Data extracted from a collection
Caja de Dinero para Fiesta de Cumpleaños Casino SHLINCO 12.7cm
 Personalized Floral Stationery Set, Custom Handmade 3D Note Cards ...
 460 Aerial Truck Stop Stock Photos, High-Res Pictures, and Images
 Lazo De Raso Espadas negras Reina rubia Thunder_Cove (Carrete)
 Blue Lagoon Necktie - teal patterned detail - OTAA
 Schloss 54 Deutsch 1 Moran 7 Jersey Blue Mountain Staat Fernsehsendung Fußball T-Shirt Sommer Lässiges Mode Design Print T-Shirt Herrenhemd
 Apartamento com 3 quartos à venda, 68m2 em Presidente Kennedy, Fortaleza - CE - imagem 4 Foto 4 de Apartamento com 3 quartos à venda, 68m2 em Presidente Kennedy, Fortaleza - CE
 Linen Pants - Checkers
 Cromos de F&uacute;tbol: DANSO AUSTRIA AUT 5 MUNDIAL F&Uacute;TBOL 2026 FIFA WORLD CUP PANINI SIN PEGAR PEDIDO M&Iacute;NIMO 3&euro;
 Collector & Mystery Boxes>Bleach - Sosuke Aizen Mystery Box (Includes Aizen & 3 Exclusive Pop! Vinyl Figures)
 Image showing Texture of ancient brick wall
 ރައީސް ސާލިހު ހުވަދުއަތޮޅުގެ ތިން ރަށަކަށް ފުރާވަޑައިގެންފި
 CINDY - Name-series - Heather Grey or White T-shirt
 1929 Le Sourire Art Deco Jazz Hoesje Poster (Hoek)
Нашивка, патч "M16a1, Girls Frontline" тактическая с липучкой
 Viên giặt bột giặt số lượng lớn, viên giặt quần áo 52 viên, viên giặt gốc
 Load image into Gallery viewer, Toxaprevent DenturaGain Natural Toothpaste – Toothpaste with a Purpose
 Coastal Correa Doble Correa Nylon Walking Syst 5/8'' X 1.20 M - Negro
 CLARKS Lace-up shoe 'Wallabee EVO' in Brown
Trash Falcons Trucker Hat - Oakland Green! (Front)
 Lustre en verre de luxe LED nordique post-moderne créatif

# EXERCISE DIRECTIONS
Word for word, extract all the records.

# EXERCISE ANSWER
Caja de Dinero para Fiesta de Cumpleaños Casino SHLINCO 12.7cm
 Personalized Floral Stationery Set, Custom Handmade 3D Note Cards ...
 460 Aerial Truck Stop Stock Photos, High-Res Pictures, and Images
 Lazo De Raso Espadas negras Reina rubia Thunder_Cove (Carrete)
 Blue Lagoon Necktie - teal patterned detail - OTAA
 Schloss 54 Deutsch 1 Moran 7 Jersey Blue Mountain Staat Fernsehsendung Fußball T-Shirt Sommer Lässiges Mode Design Print T-Shirt Herrenhemd
 Apartamento com 3 quartos à venda, 68m2 em Presidente Kennedy, Fortaleza - CE - imagem 4 Foto 4 de Apartamento com 3 quartos à venda, 68m2 em Presidente Kennedy, Fortaleza - CE
 Linen Pants - Checkers
 Cromos de F&uacute;tbol: DANSO AUSTRIA AUT 5 MUNDIAL F&Uacute;TBOL 2026 FIFA WORLD CUP PANINI SIN PEGAR PEDIDO M&Iacute;NIMO 3&euro;
 Collector & Mystery Boxes>Bleach - Sosuke Aizen Mystery Box (Includes Aizen & 3 Exclusive Pop! Vinyl Figures)
 Image showing Texture of ancient brick wall
 ރައީސް ސާލިހު ހުވަދުއަތޮޅުގެ ތިން ރަށަކަށް ފުރާވަޑައިގެންފި
 CINDY - Name-series - Heather Grey or White T-shirt
 1929 Le Sourire Art Deco Jazz Hoesje Poster (Hoek)
Нашивка, патч "M16a1, Girls Frontline" тактическая с липучкой
 Viên giặt bột giặt số lượng lớn, viên giặt quần áo 52 viên, viên giặt gốc
 Load image into Gallery viewer, Toxaprevent DenturaGain Natural Toothpaste – Toothpaste with a Purpose
 Coastal Correa Doble Correa Nylon Walking Syst 5/8'' X 1.20 M - Negro
 CLARKS Lace-up shoe 'Wallabee EVO' in Brown
Trash Falcons Trucker Hat - Oakland Green! (Front)
 Lustre en verre de luxe LED nordique post-moderne créatif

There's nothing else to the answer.